Kopf runter und pushen – das klingt nach dem Weg zum Erfolg. Ohne Zweifel ist es immer gut, schnell und beweglich zu sein. Aber wer immer nur fährt und nie steht, spielt viel zu oft 1-gegen-1 und vergisst, dass man manchmal einfach nur kurz stehen muss, um es viel leichter zu haben. 

Mareike Adermann liest das Spiel
Mareike Adermann liest das Spiel

Wer es noch nicht ohnehin geahnt hat: Wir sind wieder beim „Lesen“ des Spiels. Es braucht sehr viel Routine, alles gleichzeitig im Vollgas-Modus zu erledigen. Und es sind dann natürlich die unerfahreneren Spieler, die immer wieder aufgefordert werden, das Spiel doch besser zu „lesen“. Das wird wenig nützen, wie Euch vor einigen Wochen schon einmal beschrieben hatte. Wer permanent „unterwegs“ ist, wird sich zwar immer wieder (aber mehr oder weniger zufällig) gute Chancen haben, er wird aber auch ebenso viele auf dem Weg dahin vernichten und vor allem die meisten richtig guten gar nicht erst erkennen.

Ich hatte mal proklamiert: „Fahren ist alles“ – stimmt immer noch. Aber es gibt auch eine zweite Maxime: „Im Rollstuhlbasketball braucht alles Platz“. Deswegen ist „Spacing“, also ein bewusster Umgang mit dem Raum auf dem Feld, enorm wichtig. Und wenn alles Spieler ständig intensiv in Bewegung sind, verändern sich die Räume auch permanent. Und da man nicht aus jeder Position und Fahrtrichtung jede beliebige Aktion durchführen kann, hat Bewegung auch immer ihren „Preis“.  Für jeden Cut zum Korb seid ihr auch einmal wieder auf dem Rückweg, wo ihr mit dem Rücken zum Korb und Spielfeld absolut ungefährlich seid. Und wir reden jetzt noch nicht davon, dass man beim ständigen Rumkreisen auch gerne mal die Orientierung und die Spielübersicht verlieren kann

Es gibt gute Gründe, auch mal zu stehen oder zumindest nicht Vollgas zu fahren.

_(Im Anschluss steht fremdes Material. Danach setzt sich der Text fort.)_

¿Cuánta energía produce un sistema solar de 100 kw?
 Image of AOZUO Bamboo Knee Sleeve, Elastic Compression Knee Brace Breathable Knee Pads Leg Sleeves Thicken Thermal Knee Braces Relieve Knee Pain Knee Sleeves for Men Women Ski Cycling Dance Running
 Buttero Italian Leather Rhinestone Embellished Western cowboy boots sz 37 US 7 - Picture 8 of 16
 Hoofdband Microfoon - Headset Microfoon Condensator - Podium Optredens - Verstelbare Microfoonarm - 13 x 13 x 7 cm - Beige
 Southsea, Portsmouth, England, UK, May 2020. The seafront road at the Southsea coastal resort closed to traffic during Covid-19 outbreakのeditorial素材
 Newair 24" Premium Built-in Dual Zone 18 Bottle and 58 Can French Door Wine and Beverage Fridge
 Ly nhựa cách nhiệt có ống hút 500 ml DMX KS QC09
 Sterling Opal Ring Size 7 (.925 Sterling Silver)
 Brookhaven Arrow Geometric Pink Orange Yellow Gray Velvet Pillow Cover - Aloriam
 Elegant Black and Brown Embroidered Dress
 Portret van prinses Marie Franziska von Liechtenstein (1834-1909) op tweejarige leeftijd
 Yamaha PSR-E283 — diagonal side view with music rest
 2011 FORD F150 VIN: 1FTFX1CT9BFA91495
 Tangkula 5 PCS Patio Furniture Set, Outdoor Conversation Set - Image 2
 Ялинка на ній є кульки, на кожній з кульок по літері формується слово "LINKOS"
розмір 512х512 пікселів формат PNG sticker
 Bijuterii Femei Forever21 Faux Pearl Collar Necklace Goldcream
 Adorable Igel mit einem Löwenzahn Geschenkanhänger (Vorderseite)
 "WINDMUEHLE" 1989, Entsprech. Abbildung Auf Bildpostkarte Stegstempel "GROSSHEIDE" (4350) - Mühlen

Der erste und wichtigste: Es gibt um Euch herum den Rest des Spiels. Jede Eure Aktion sollte einen konkreten Grund und ein Ziel haben. Schaut lieber eine Sekunde länger und versteht, was vor Euch passiert, statt einfach auf „gut Glück“ Eure Energie zu verbrennen. Zweitens – gebt Euren Mitspielern eine Chance, mit Euch zu spielen. Wenn Euch niemand Blöcke stellt, kann das auch daran liegen, dass permanent versucht, Euren Gegner im 1-on-1 auszudribbeln. Der Verteidiger dreht sich dabei ständig mit, und es wird schwer, saubere Blocks an ihm zu setzen. Drittens – wir sollten die Räume clever nutzen. Das Spiel 2-gegen-2 ist eine der effektivsten Kleingruppentaktiken, und sie basiert darauf, dass zwei Spieler GEMEINSAM arbeiten: Sie bringen ihre Gegner so dicht aueinander wie möglich (und öffnen damit Raum auf beiden Seiten des Verteidigerpärchens und machen damit alle Hilfewege weit) – oder sie bringen ihre Gegner so weit auseinander wie möglich, um eine Attacke auf die Schnittstelle zwischen den Verteidigern zu unternehmen.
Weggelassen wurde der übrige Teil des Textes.